I explain it this way: there is a certian subgroup of people who had something missing in their life while their personality was forming, therefore a section of their personality didn't fully develop. It's like planting a garden and forgetting to water part of it. That part won't grow and develop. Because these people are missing something in their personality they go about their whole life feeling empty. They try to fill the whole with their interactions with others. This is what I call emotional need. Most of their interactions are motivated by their need to fill this hole and not feel empty. So when someone's behavior makes no sense to us, we need to remember that their motivation might be totally different than what we think, or even from what they think. These people are always motivated by the emotional need.

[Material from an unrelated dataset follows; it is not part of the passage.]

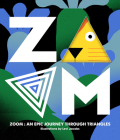 Zoom: An Epic Journey Through Triangles By Levi Jacobs (Illustrator), Viction-Viction Cover Image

Often these people play one of three roles in the process of trying to know who they are. The three roles interact and form a triangle. Persecutor, victim and rescuer. Because they want to know who they are and get their emotional need met, they play one of these roles. The thing is, for them to be the persecutor they need a victim, or to be a victim they need a persecutor, to be a rescuer there must be a victim. So they are always putting others in these other roles. This is where we get sucked in and feel uncomfortable and have difficulty. A situation that seems straight forward to us gets all twisted when the personality disordered person interacts in the situation and starts to play these roles and try to force us into the other role.
Once you understand that the other's motivation is often emotional and they are trying to have us play a part of rescuer, victim or persecutor you can see it in the interaction. Then you you can refuse to play the part.
So this is the challenge. When someone is trying to put you into one of these roles, remain neutral. Don't respond emotionally and fulfill the role. Recognize the "game playing" and refuse to play any of these roles. It requires healthy detachment, which can be difficult at first, especially if it is a long term relationship, but in the long run it will become less tumultuous.